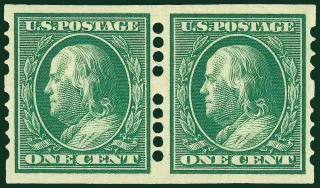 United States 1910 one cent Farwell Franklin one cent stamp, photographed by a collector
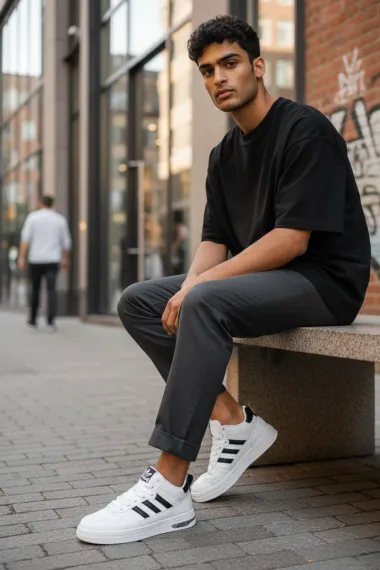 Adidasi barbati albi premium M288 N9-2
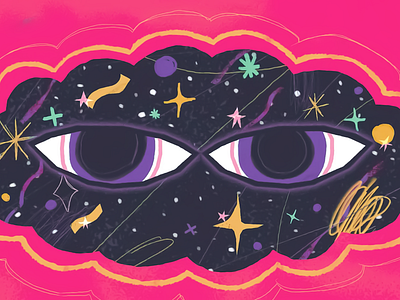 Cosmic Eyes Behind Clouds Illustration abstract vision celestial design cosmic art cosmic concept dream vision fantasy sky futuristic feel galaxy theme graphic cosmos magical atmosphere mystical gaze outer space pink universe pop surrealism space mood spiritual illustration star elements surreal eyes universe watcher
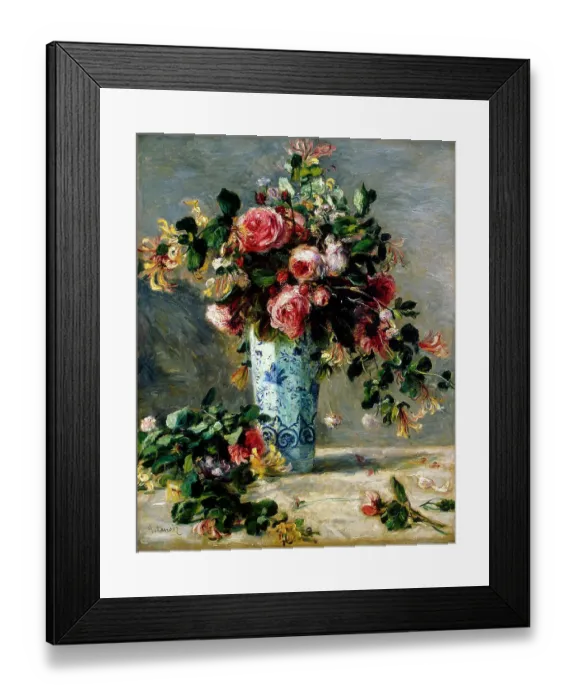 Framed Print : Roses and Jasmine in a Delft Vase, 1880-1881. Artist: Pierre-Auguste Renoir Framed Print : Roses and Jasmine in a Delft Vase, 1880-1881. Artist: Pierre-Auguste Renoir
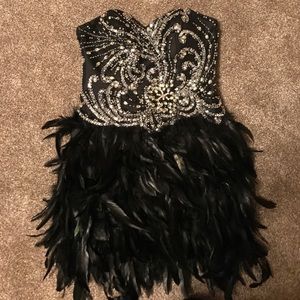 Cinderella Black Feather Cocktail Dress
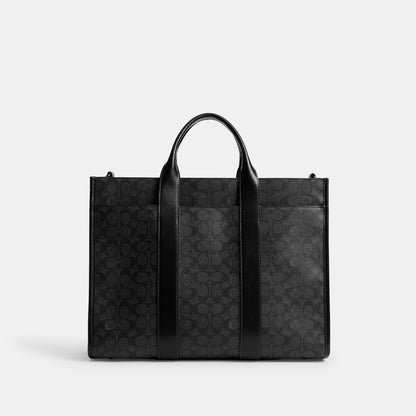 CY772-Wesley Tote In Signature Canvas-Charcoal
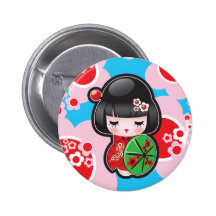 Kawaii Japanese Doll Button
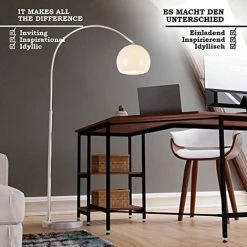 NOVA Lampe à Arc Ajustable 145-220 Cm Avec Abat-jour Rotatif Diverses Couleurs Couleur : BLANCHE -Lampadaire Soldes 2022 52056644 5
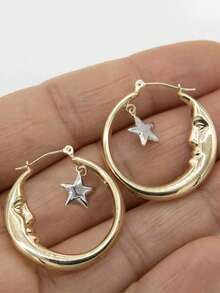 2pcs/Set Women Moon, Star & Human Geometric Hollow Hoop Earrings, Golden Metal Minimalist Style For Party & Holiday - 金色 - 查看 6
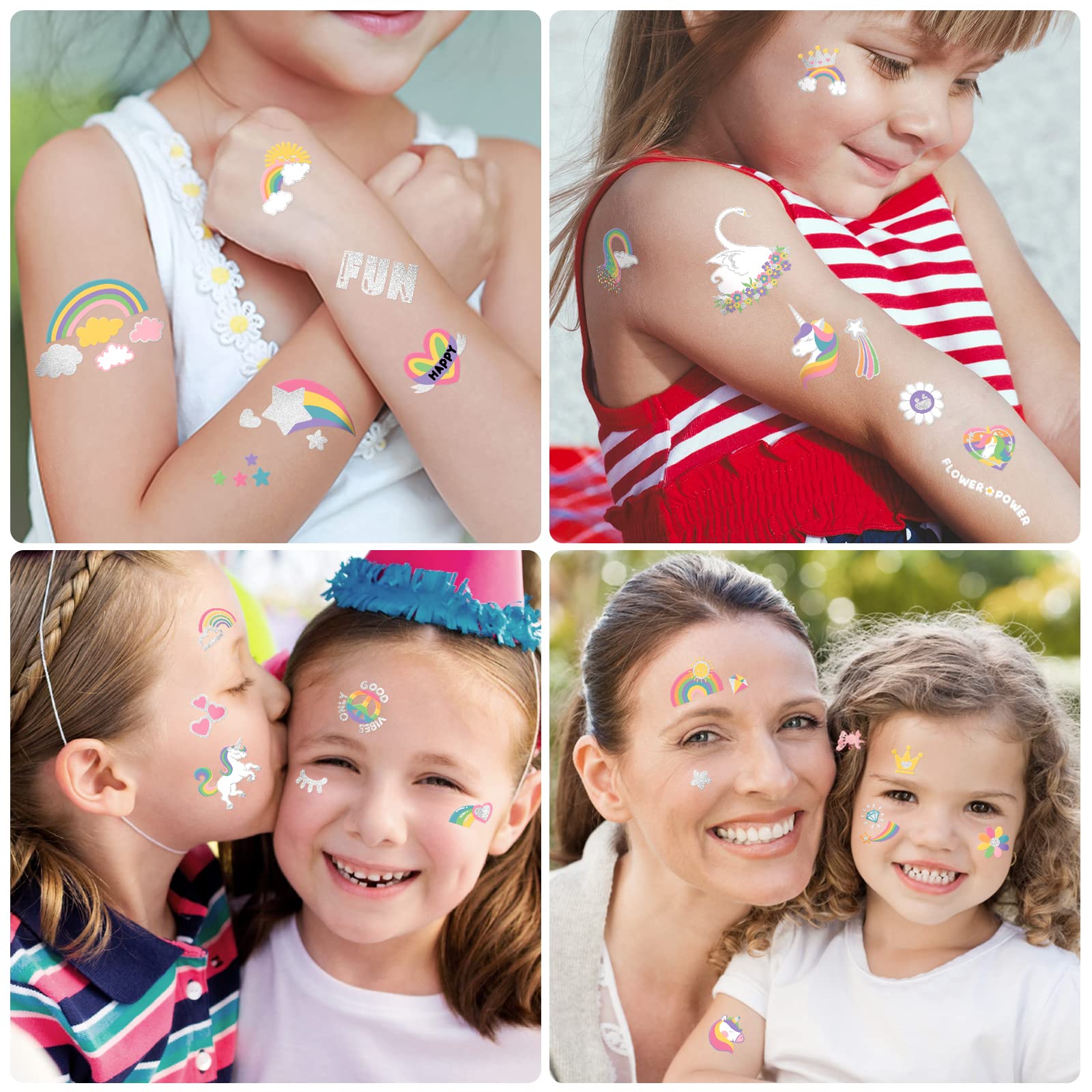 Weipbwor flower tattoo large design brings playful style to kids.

----

EXERCISE BRIEF: Begin at the top of the material above and output each line exactly, stopping after the line that holds "Kawaii Japanese Doll Button". Leave out pictures.

WRITTEN SOLUTION:
 United States 1910 one cent Farwell Franklin one cent stamp, photographed by a collector
 Adidasi barbati albi premium M288 N9-2
 Cosmic Eyes Behind Clouds Illustration abstract vision celestial design cosmic art cosmic concept dream vision fantasy sky futuristic feel galaxy theme graphic cosmos magical atmosphere mystical gaze outer space pink universe pop surrealism space mood spiritual illustration star elements surreal eyes universe watcher
 Framed Print : Roses and Jasmine in a Delft Vase, 1880-1881. Artist: Pierre-Auguste Renoir Framed Print : Roses and Jasmine in a Delft Vase, 1880-1881. Artist: Pierre-Auguste Renoir
 Cinderella Black Feather Cocktail Dress
 CY772-Wesley Tote In Signature Canvas-Charcoal
 Kawaii Japanese Doll Button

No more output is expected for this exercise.